While oral traditions may be seen as a contributing factor to the lack of documentary material in anthropological and ethnographic displays, Griffiths argues that it is also due to anthropology’s pursuit of scientific credibility, seeking the synchronic rather than the historical and focusing on the artefact rather than the text.
In keeping with this view of science, archives and documentary records often all but disappear in natural history museums and exhibitions (specimen tags aside), with two exceptions.
The first is not surprising. Sometimes a visitor will encounter displays which, though related to natural history, are more about individuals or events. The American Museum of Natural History’s display about Lincoln Ellsworth and the first flights across the Arctic and the Antarctic is an example. Suddenly in the midst of a museum almost devoid of visible archives we have a display with a historical focus, and with that focus comes log books, diaries, maps and other documentary material.
The second area is perhaps more surprising: paleontology.
It’ s something I discovered at three different museums on this trip, the Natural History Museum of Los Angeles (NHMLA), the La Brea Tar Pits & Museum, also in L.A., and the National Museum of Natural History (NMNH) in Washington, D.C.
Taking them in reverse order, though the main dinosaur halls at NMNH are closed for refurbishment they have some impressive material on temporary display elsewhere in the museum.

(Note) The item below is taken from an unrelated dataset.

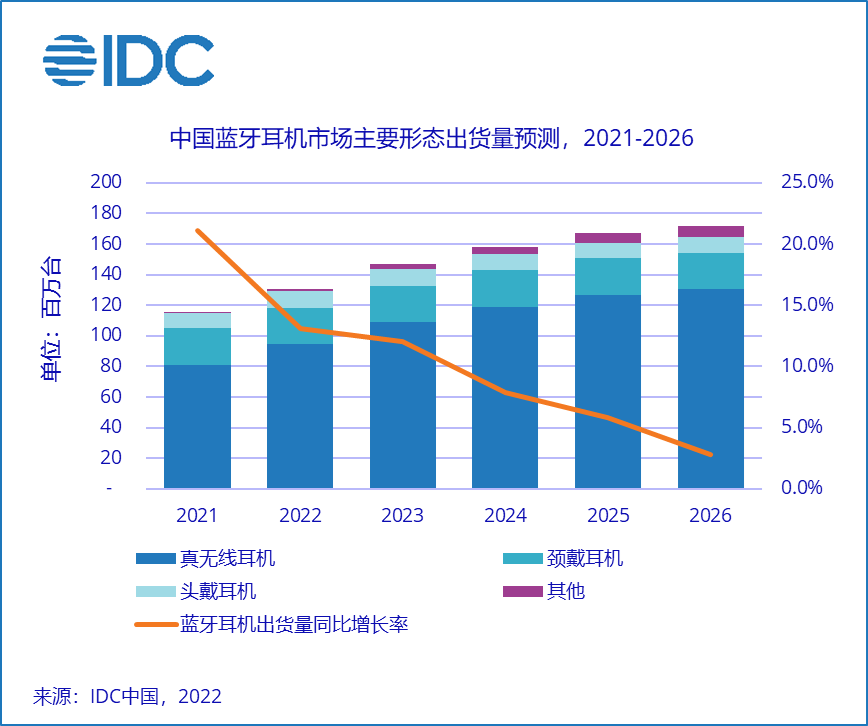 IDC报告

Included is a visible fossil lab with staff working on items brought in from digs, a video where the notebook is described as one of the key tools of the palaeontologist, and an actual field notebook on display alongside other equipment.
La Brea also includes a visible fossil lab and a section devoted to process.
Two wall cases start with the dig and documentation in the field and go through to cataloguing, research and a final publication, all illustrated with photographs and examples. These are between the open lab and a window looking in on a section of visible ‘back of house’ storage.
The second case includes the following text:
Even more important than the fossil itself is the information about where it was collected, because without that information, there is no way to fit the specimen into the ever expanding knowledge of ancient life on Earth. Paleontologists are constantly saddened by the well-meaning but uninformed amateurs who bring in fossils of rare or unknown animals without accurate locality information. Museums carefully record and save all of the known information about every fossil in their collections with either a written or a computerized catalogue system.
Leaving aside the slightly disdainful tone, the difference between an amateur and a professional, according to La Brea, is not in the specimens, it’s in the documentation.
The place that started this journey was the Natural History Museum of Los Angeles, and their display remains a highlight. On a long wall all about process and fieldwork there is a field journal on display, alongside extracts from several other journals to illustrate the sorts of information they contain.
And on the same wall is an example of the method by which fossils are encased in plaster in the field, along with wall text explaining the structure and meaning of the unique identifiers used to track each package and the data with which it is associated.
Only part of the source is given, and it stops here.